Internally the archive backend uses the VFS to access files. It isn't
possible to configure the internal VFS yet which might be useful.
## Archive Formats
Here's a table rating common archive formats on their Cloud
Optimization which is based on their ability to access a single file
without reading the entire archive.
This capability depends on whether the format has a central **index**
(or "table of contents") that a program can read first to find the
exact location of a specific file.
| Format | Extensions | Cloud Optimized | Explanation |
| :--- | :--- | :--- | :--- |
| **ZIP** | `.zip` | **Excellent** | **Zip files have an index** (the "central directory") stored at the *end* of the file. A program can seek to the end, read the index to find a file's location and size, and then seek directly to that file's data to extract it. |
| **SquashFS** | `.squashfs`, `.sqfs`, `.sfs` | **Excellent** | This is a compressed read-only *filesystem image*, not just an archive. It is **specifically designed for random access**. It uses metadata and index tables to allow the system to find and decompress individual files or data blocks on demand. |
| **ISO Image** | `.iso` | **Excellent** | Like SquashFS, this is a *filesystem image* (for optical media). It contains a filesystem (like ISO 9660 or UDF) with a **table of contents at a known location**, allowing for direct access to any file without reading the whole disk. |
| **RAR** | `.rar` | **Good** | RAR supports "non-solid" and "solid" modes. In the common **non-solid** mode, files are compressed separately, and an index allows for easy single-file extraction (like ZIP). In "solid" mode, this rating would be "Very Poor." |
| **7z** | `.7z` | **Poor** | By default, 7z uses "solid" archives to maximize compression. This compresses files as one continuous stream. To extract a file from the middle, all preceding files must be decompressed first. (If explicitly created as "non-solid," its rating would be "Excellent"). |
| **tar** | `.tar` | **Poor** | "Tape Archive" is a *streaming* format with **no central index**. To find a file, you must read the archive from the beginning, checking each file header one by one until you find the one you want. This is slow but doesn't require decompressing data. |
| **Gzipped Tar** | `.tar.gz`, `.tgz` | **Very Poor** | This is a `tar` file (already "Poor") compressed with `gzip` as a **single, non-seekable stream**. You cannot seek.
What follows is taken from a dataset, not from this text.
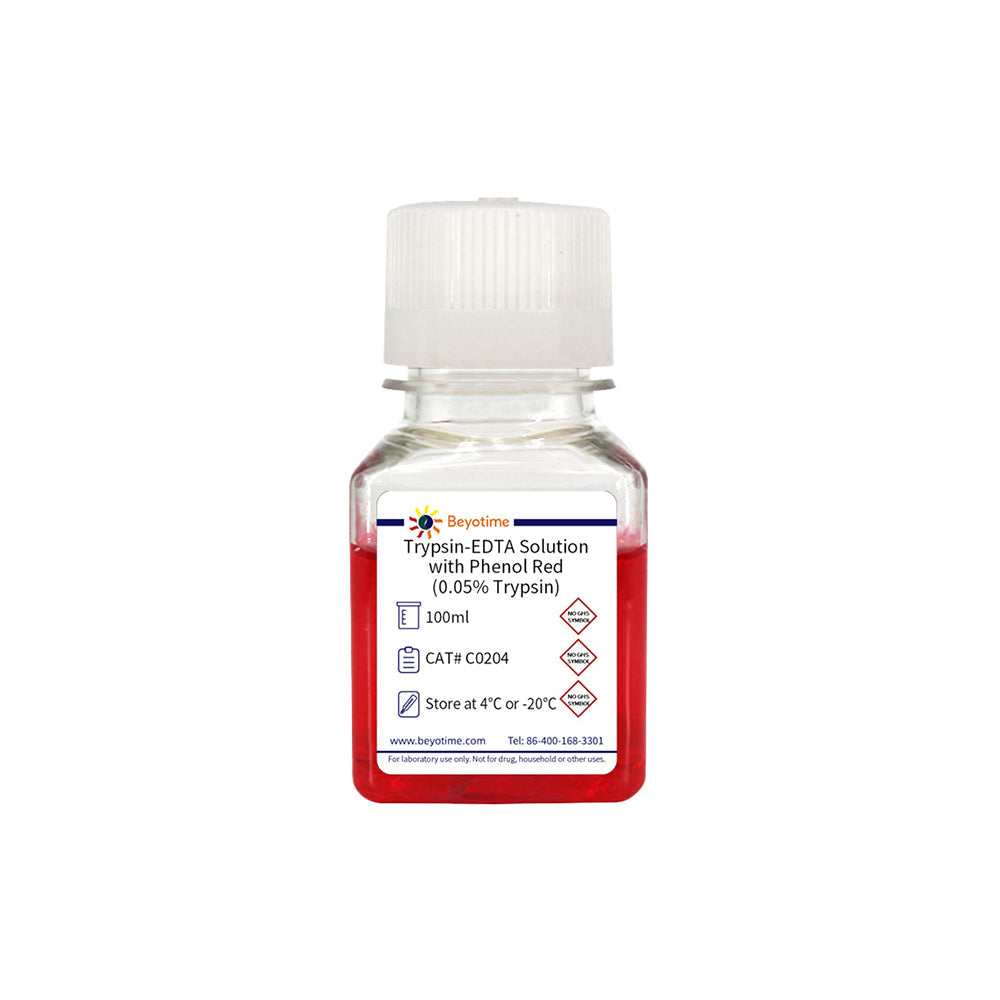 Trypsin-EDTA Solution with Phenol Red (0.05% trypsin) - 100 mL
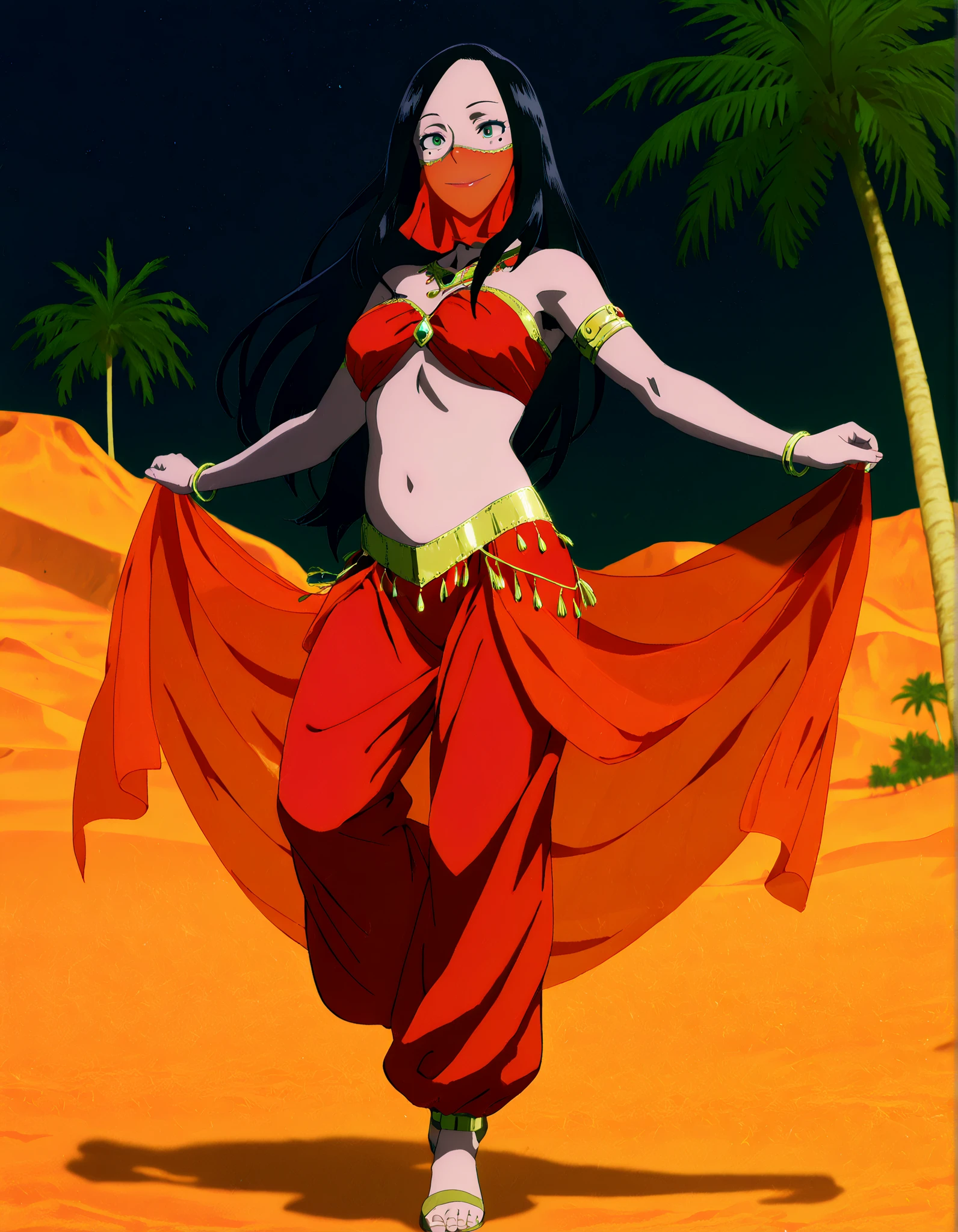 1girl:1 . 5) , (Seul:1 . 5) , score_9 , score_8_haut , score_7_haut , source_anime , Official work  , ultra-detailed , masterpiece , best quality , high resolution , beaux yeux , detailed eyes , Detailed face , beautiful detailed eyes,1girl, black hair, long hair, mole,green eyes,My Hero Academia Vigilantes,Makoto Tsukauchi,Arabian Clothes , Arabian Dancer Outfit ,belly dancer costume,belly dancer outfit ,full body,golden jewelery,mouth veil,armlet, belly dancing,night,desert lands,palm tree,seductive smile, dancing with veil, dynamic movement,dance posture, seductive pose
To get *any* file, you must decompress the *entire* archive from the beginning up to that file. |
| **Bzipped/XZ Tar** | `.tar.bz2`, `.tar.xz` | **Very Poor** | This is the same principle as `tar.gz`. The entire archive is one large compressed block, making random access impossible. |
## Ideas for improvements
It would be possible to add ISO support fairly easily as the library we use ([go-diskfs](https://github.com/diskfs/go-diskfs/)) supports it. We could also add `ext4` and `fat32` the same way, however in my experience these are not very common as files so probably not worth it. Go-diskfs can also read partitions which we could potentially take advantage of.
It would be possible to add write support, but this would only be for creating new archives, not for updating existing archives.